WHAT IS REQUIRED: Copy out all the records exactly.
↓↓↓
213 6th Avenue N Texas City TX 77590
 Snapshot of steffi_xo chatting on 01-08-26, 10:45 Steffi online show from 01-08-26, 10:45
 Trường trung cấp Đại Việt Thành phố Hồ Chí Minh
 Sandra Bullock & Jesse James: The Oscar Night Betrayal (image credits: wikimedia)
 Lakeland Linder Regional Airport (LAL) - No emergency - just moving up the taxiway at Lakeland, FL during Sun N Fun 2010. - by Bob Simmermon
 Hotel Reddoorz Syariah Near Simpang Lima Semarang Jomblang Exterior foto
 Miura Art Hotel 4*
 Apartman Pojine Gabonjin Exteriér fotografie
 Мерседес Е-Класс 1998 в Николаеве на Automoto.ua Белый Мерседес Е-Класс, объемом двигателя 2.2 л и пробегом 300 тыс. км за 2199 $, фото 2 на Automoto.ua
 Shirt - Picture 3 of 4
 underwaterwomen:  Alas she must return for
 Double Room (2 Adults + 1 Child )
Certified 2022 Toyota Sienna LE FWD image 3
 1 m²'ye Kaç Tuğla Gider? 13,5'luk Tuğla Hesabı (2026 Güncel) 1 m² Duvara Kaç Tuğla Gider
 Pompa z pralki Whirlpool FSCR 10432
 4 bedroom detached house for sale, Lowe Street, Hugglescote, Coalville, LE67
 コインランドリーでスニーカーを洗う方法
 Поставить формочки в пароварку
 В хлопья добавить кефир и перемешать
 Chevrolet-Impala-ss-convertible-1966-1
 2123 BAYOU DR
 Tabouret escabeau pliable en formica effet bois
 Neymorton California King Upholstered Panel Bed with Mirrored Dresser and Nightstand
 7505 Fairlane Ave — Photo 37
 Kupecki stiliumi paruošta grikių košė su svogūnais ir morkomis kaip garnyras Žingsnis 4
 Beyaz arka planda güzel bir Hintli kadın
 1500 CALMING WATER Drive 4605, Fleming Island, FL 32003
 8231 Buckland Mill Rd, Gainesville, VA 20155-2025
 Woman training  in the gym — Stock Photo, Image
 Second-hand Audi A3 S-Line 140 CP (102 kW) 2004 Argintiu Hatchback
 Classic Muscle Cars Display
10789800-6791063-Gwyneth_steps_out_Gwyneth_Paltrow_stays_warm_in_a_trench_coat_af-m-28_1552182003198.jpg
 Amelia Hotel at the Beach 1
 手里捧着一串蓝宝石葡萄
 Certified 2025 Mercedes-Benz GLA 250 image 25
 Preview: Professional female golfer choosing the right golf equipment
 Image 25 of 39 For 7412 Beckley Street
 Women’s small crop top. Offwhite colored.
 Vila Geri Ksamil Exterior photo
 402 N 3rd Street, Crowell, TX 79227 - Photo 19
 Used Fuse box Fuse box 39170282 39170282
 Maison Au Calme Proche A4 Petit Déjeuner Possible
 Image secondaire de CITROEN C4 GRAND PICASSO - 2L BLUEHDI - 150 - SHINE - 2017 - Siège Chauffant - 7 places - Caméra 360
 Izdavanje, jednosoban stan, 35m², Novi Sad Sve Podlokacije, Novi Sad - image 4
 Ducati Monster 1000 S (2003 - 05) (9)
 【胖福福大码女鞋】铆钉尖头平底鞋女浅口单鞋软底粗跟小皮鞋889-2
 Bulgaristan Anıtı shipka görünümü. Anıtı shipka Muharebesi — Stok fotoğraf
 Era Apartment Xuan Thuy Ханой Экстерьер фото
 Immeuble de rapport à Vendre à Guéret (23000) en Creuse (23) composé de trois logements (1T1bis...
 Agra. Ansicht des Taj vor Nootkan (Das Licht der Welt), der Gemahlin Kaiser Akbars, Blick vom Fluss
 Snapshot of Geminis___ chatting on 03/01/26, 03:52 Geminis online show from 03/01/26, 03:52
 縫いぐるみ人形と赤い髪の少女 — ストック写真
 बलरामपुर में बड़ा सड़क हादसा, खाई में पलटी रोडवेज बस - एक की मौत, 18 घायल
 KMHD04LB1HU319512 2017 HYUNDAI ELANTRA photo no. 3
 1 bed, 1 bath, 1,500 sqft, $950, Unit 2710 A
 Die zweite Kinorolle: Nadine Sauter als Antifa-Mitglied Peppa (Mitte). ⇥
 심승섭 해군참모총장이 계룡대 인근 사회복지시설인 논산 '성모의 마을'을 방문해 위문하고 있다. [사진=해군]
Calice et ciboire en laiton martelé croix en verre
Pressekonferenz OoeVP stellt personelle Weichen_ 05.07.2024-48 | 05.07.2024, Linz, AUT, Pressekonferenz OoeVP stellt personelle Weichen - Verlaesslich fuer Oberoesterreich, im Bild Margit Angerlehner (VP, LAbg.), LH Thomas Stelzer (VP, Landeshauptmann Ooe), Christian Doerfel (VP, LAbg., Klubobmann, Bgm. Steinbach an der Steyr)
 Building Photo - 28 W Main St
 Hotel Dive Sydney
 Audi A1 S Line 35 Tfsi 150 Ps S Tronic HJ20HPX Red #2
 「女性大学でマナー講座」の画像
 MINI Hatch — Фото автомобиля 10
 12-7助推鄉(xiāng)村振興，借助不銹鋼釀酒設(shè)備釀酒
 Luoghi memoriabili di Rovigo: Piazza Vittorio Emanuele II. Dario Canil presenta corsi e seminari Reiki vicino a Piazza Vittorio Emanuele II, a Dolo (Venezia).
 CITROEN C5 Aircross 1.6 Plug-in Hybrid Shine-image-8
↑↑↑
ANSWER BELOW:
213 6th Avenue N Texas City TX 77590
 Snapshot of steffi_xo chatting on 01-08-26, 10:45 Steffi online show from 01-08-26, 10:45
 Trường trung cấp Đại Việt Thành phố Hồ Chí Minh
 Sandra Bullock & Jesse James: The Oscar Night Betrayal (image credits: wikimedia)
 Lakeland Linder Regional Airport (LAL) - No emergency - just moving up the taxiway at Lakeland, FL during Sun N Fun 2010. - by Bob Simmermon
 Hotel Reddoorz Syariah Near Simpang Lima Semarang Jomblang Exterior foto
 Miura Art Hotel 4*
 Apartman Pojine Gabonjin Exteriér fotografie
 Мерседес Е-Класс 1998 в Николаеве на Automoto.ua Белый Мерседес Е-Класс, объемом двигателя 2.2 л и пробегом 300 тыс. км за 2199 $, фото 2 на Automoto.ua
 Shirt - Picture 3 of 4
 underwaterwomen:  Alas she must return for
 Double Room (2 Adults + 1 Child )
Certified 2022 Toyota Sienna LE FWD image 3
 1 m²'ye Kaç Tuğla Gider? 13,5'luk Tuğla Hesabı (2026 Güncel) 1 m² Duvara Kaç Tuğla Gider
 Pompa z pralki Whirlpool FSCR 10432
 4 bedroom detached house for sale, Lowe Street, Hugglescote, Coalville, LE67
 コインランドリーでスニーカーを洗う方法
 Поставить формочки в пароварку
 В хлопья добавить кефир и перемешать
 Chevrolet-Impala-ss-convertible-1966-1
 2123 BAYOU DR
 Tabouret escabeau pliable en formica effet bois
 Neymorton California King Upholstered Panel Bed with Mirrored Dresser and Nightstand
 7505 Fairlane Ave — Photo 37
 Kupecki stiliumi paruošta grikių košė su svogūnais ir morkomis kaip garnyras Žingsnis 4
 Beyaz arka planda güzel bir Hintli kadın
 1500 CALMING WATER Drive 4605, Fleming Island, FL 32003
 8231 Buckland Mill Rd, Gainesville, VA 20155-2025
 Woman training  in the gym — Stock Photo, Image
 Second-hand Audi A3 S-Line 140 CP (102 kW) 2004 Argintiu Hatchback
 Classic Muscle Cars Display
10789800-6791063-Gwyneth_steps_out_Gwyneth_Paltrow_stays_warm_in_a_trench_coat_af-m-28_1552182003198.jpg
 Amelia Hotel at the Beach 1
 手里捧着一串蓝宝石葡萄
 Certified 2025 Mercedes-Benz GLA 250 image 25
 Preview: Professional female golfer choosing the right golf equipment
 Image 25 of 39 For 7412 Beckley Street
 Women’s small crop top. Offwhite colored.
 Vila Geri Ksamil Exterior photo
 402 N 3rd Street, Crowell, TX 79227 - Photo 19
 Used Fuse box Fuse box 39170282 39170282
 Maison Au Calme Proche A4 Petit Déjeuner Possible
 Image secondaire de CITROEN C4 GRAND PICASSO - 2L BLUEHDI - 150 - SHINE - 2017 - Siège Chauffant - 7 places - Caméra 360
 Izdavanje, jednosoban stan, 35m², Novi Sad Sve Podlokacije, Novi Sad - image 4
 Ducati Monster 1000 S (2003 - 05) (9)
 【胖福福大码女鞋】铆钉尖头平底鞋女浅口单鞋软底粗跟小皮鞋889-2
 Bulgaristan Anıtı shipka görünümü. Anıtı shipka Muharebesi — Stok fotoğraf
 Era Apartment Xuan Thuy Ханой Экстерьер фото
 Immeuble de rapport à Vendre à Guéret (23000) en Creuse (23) composé de trois logements (1T1bis...
 Agra. Ansicht des Taj vor Nootkan (Das Licht der Welt), der Gemahlin Kaiser Akbars, Blick vom Fluss
 Snapshot of Geminis___ chatting on 03/01/26, 03:52 Geminis online show from 03/01/26, 03:52
 縫いぐるみ人形と赤い髪の少女 — ストック写真
 बलरामपुर में बड़ा सड़क हादसा, खाई में पलटी रोडवेज बस - एक की मौत, 18 घायल
 KMHD04LB1HU319512 2017 HYUNDAI ELANTRA photo no. 3
 1 bed, 1 bath, 1,500 sqft, $950, Unit 2710 A
 Die zweite Kinorolle: Nadine Sauter als Antifa-Mitglied Peppa (Mitte). ⇥
 심승섭 해군참모총장이 계룡대 인근 사회복지시설인 논산 '성모의 마을'을 방문해 위문하고 있다. [사진=해군]
Calice et ciboire en laiton martelé croix en verre
Pressekonferenz OoeVP stellt personelle Weichen_ 05.07.2024-48 | 05.07.2024, Linz, AUT, Pressekonferenz OoeVP stellt personelle Weichen - Verlaesslich fuer Oberoesterreich, im Bild Margit Angerlehner (VP, LAbg.), LH Thomas Stelzer (VP, Landeshauptmann Ooe), Christian Doerfel (VP, LAbg., Klubobmann, Bgm. Steinbach an der Steyr)
 Building Photo - 28 W Main St
 Hotel Dive Sydney
 Audi A1 S Line 35 Tfsi 150 Ps S Tronic HJ20HPX Red #2
 「女性大学でマナー講座」の画像
 MINI Hatch — Фото автомобиля 10
 12-7助推鄉(xiāng)村振興，借助不銹鋼釀酒設(shè)備釀酒
 Luoghi memoriabili di Rovigo: Piazza Vittorio Emanuele II. Dario Canil presenta corsi e seminari Reiki vicino a Piazza Vittorio Emanuele II, a Dolo (Venezia).
 CITROEN C5 Aircross 1.6 Plug-in Hybrid Shine-image-8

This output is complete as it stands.